Michigan's economic prosperity has long depended on a strong manufacturing sector, but that no longer is the case, say researchers at U-M and Michigan Future Inc.

"Manufacturing, historically a high-wage industry, is viewed as an irreplaceable mass pathway to the middle class, although it now accounts for less than 17 percent of all jobs in Michigan," says Donald Grimes, an economist at the Institute of Labor and Industrial Relations, part of the Business School and School of Social Work.

"Fears that the decline of manufacturing employment will lead to substantial decline of middle-class jobs or an overall slowdown of the economy appear to be exaggerated, if not unwarranted."

New research by Grimes and colleague Lou Glazer, president of Michigan Future Inc., strongly suggests that a concentration of high-paying, knowledge-based industries, rather than manufacturing, is now the most reliable pathway to prosperity for Michigan and other states.

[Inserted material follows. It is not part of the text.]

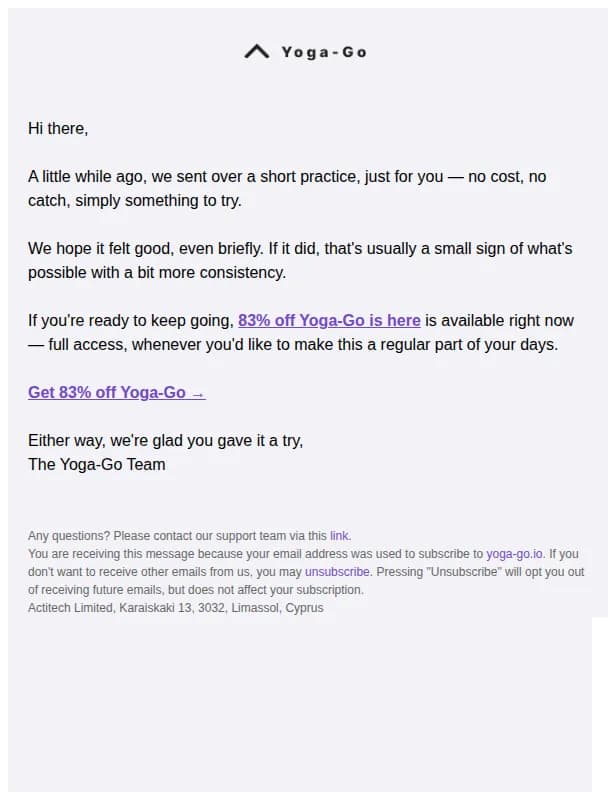 Yoga-Go email: Did you get a chance to try it? 🤍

In fact, the data show that Michigan has done much better than the nation in manufacturing since 1990—losing jobs at a slower rate—but total employment in the state grew much more slowly than the rest of the country because Michigan has lagged far behind in creating both high-and low-paying service sector jobs.

In their study, "A New Path to Prosperity? Manufacturing and Knowledge-Based Industries as Drivers of Economic Growth," Grimes and Glazer compare Michigan's economic performance with those of other states from 1969 to 2001. They also compare manufacturing as an engine of economic growth with high-paying, knowledge-based industries, such as information, financial activities, professional and technical services, and management of companies.

According to the study, Michigan's per capita income from 1969 to 2001 grew nearly 12 percent slower than the national average. Only four states had a worse performance. Its share of employment earnings from manufacturing—third-highest in the nation—was 10 percentage points greater than the national average, while its share from high-paying, knowledge-based industries was 3.5 percentage points below the national level (21st in the nation).

"Michigan's performance is consistent with that of other states," Glazer says. "States with higher shares of employment earnings from manufacturing, by and large, have per capita income below the national average, while states with higher shares of employment earnings from high-paying, knowledge-based industries almost always have incomes greater than the national average."

The study found that 12 of the 13 states with employment earnings shares from high-paying, knowledge-based industries greater than the national average had 2001 per capita income above the national level, and all of the 15 states where the share of employment earnings from manufacturing is greater than from high-paying, knowledge-based industries had 2001 per capita income below the national average (this includes Michigan).